-- Records provided follows --

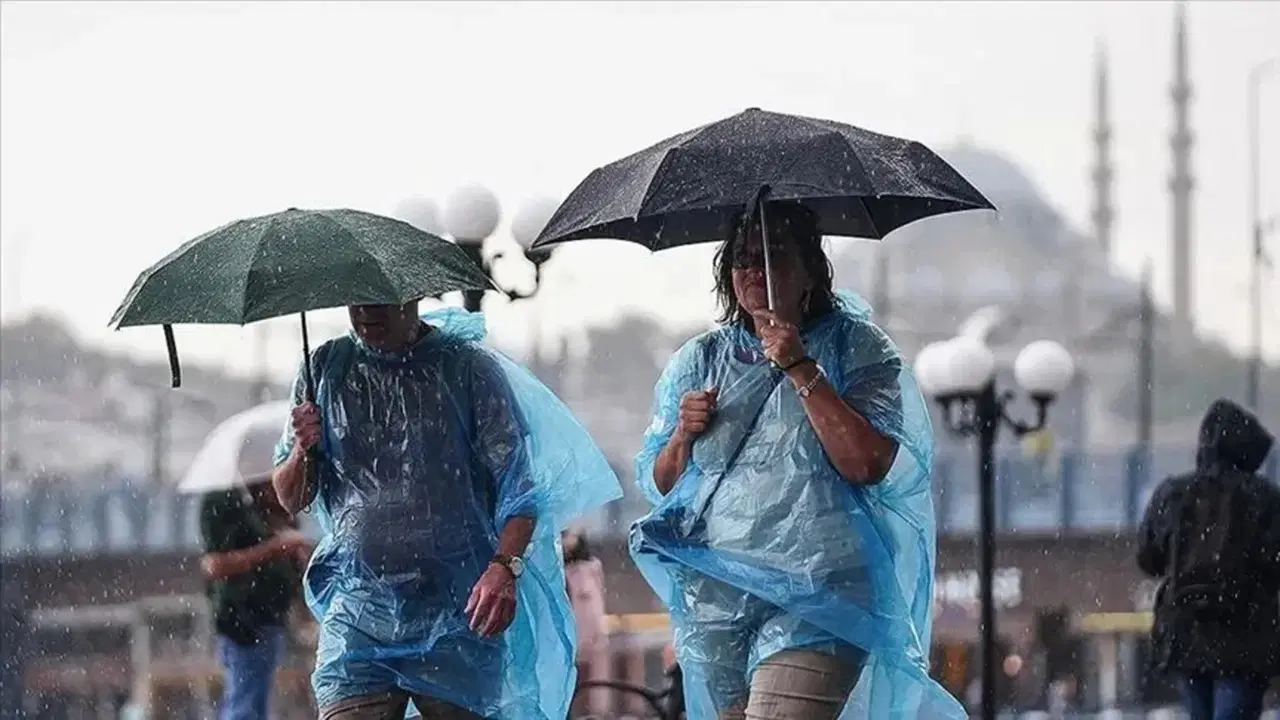 Meteoroloji'den peş peşe sağanak uyarısı: Listede İstanbul da var!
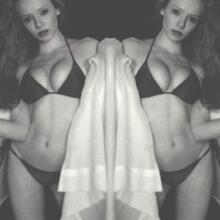  Nude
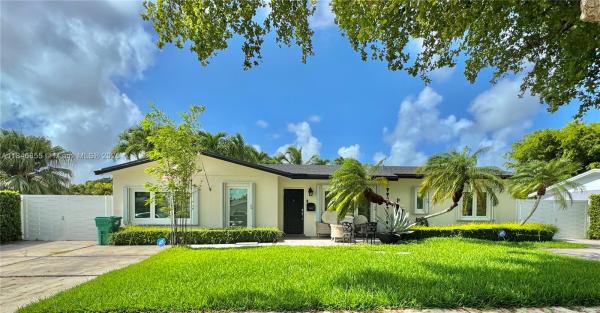 Bel Aire, 9385 SW 185th St, Cutler Bay, Florida 33157, image 1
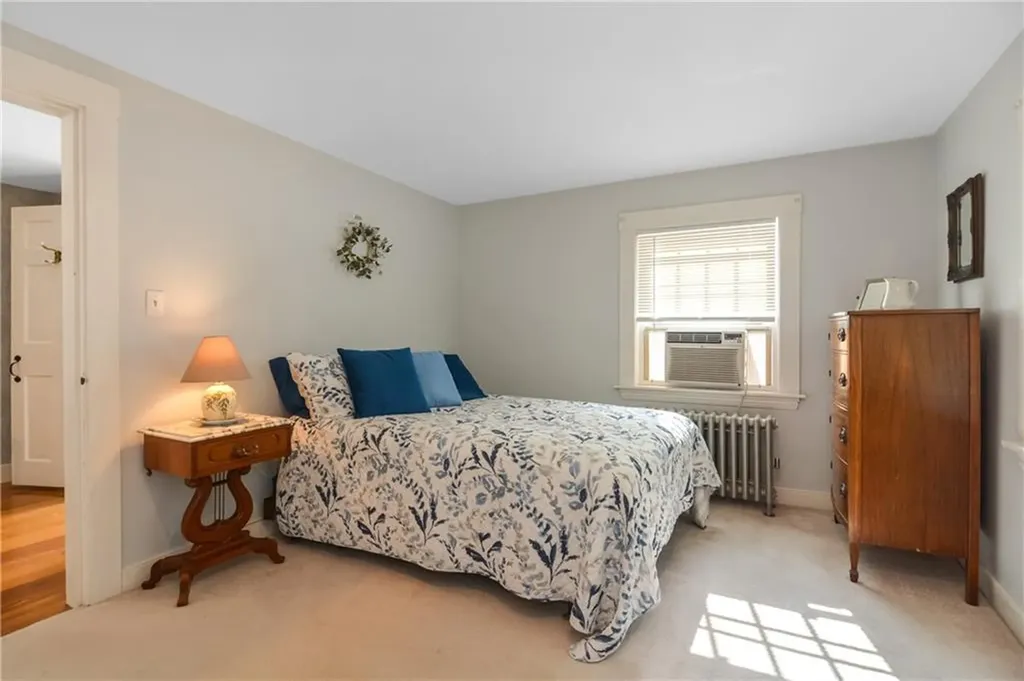 443 Victory Highway North Smithfield RI 02896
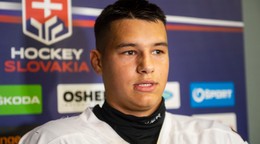 Slovenský hokejový obranca Jakub Chromiak. 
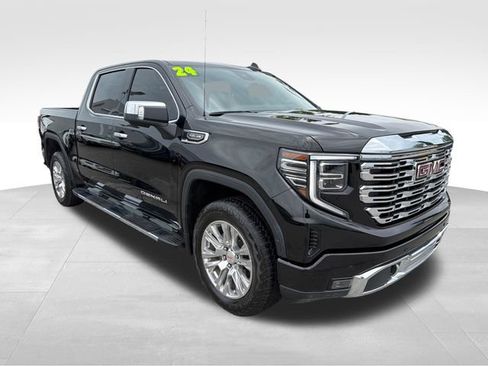 Used 2024 GMC Sierra 1500 Denali w/ Technology Package AWD/4WD image 1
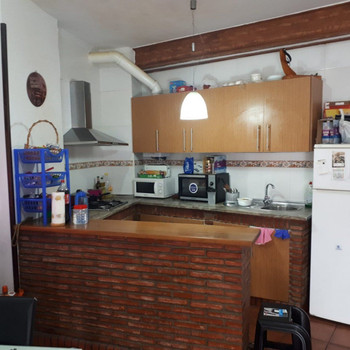 HAUS MIT ZWEI WOHNUNGEN UND GRUNDSTÜCK IN SERÓN AMERIÁ.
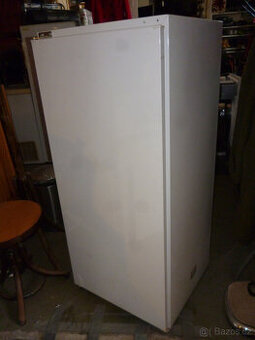 lednička mora,v- 123cm,š-55cm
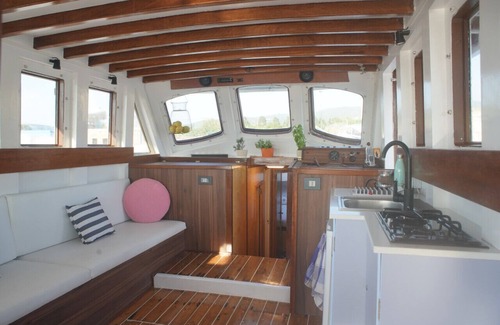 Batroun Alquiler De Eote | Floating Iris Boat in Batroun
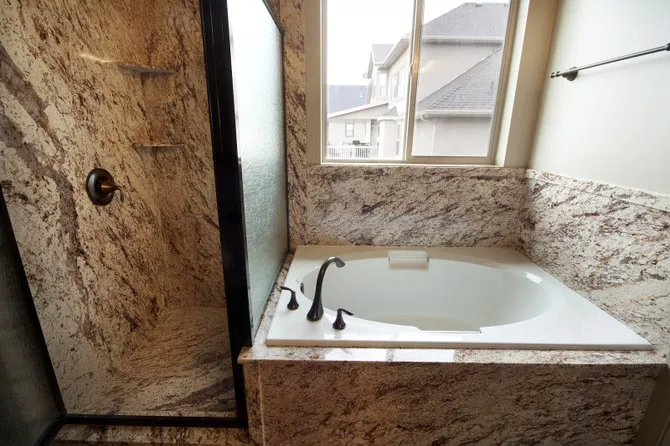 Renew your Tub Refinishing Picture 6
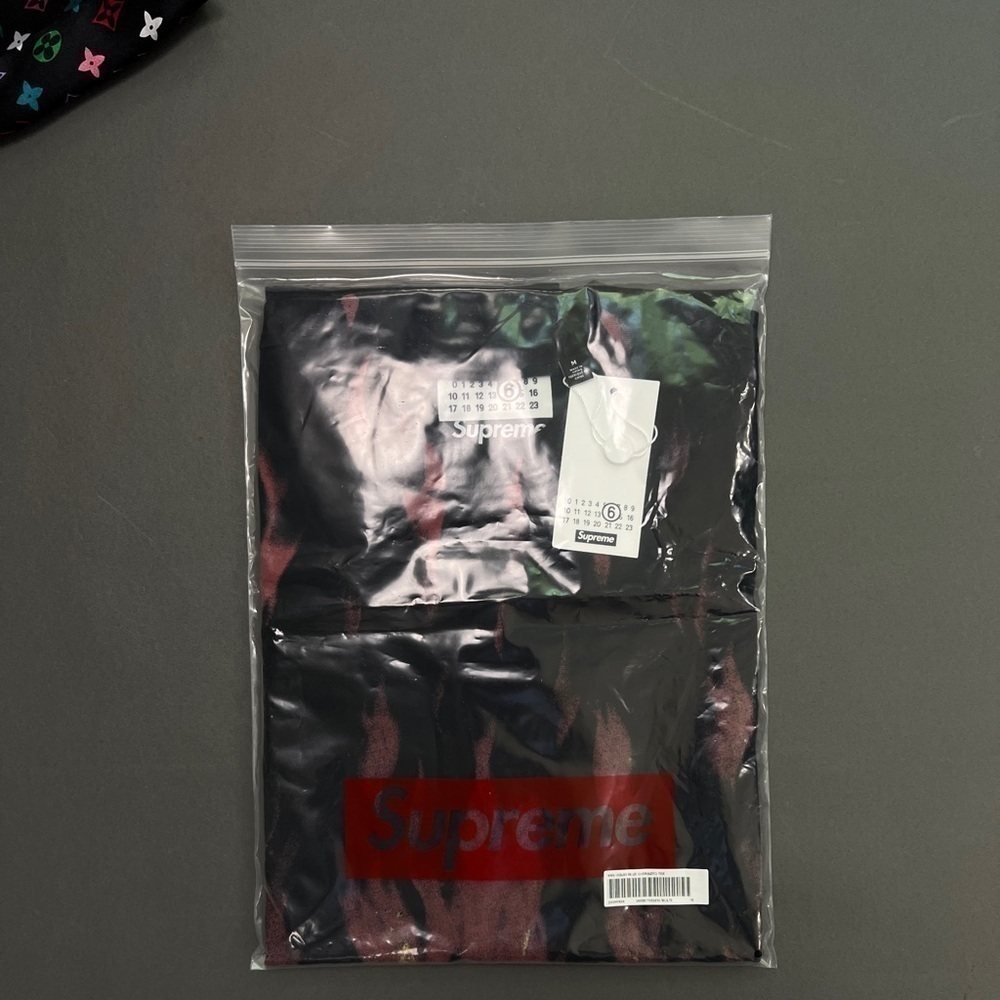 Supreme Maison Margiela MM6 Liquid Blue Oversized Skull Flames Tee - Picture 4 of 8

-- Records provided concluded --

» **Task details**
Extract, character for character, every line from the one that holds "443 Victory Highway" through the end of the entries above. Include both boundary lines and no pictures.

» **Answer to this exercise**
 443 Victory Highway North Smithfield RI 02896
 Slovenský hokejový obranca Jakub Chromiak. 
 Used 2024 GMC Sierra 1500 Denali w/ Technology Package AWD/4WD image 1
 HAUS MIT ZWEI WOHNUNGEN UND GRUNDSTÜCK IN SERÓN AMERIÁ.
 lednička mora,v- 123cm,š-55cm
 Batroun Alquiler De Eote | Floating Iris Boat in Batroun
 Renew your Tub Refinishing Picture 6
 Supreme Maison Margiela MM6 Liquid Blue Oversized Skull Flames Tee - Picture 4 of 8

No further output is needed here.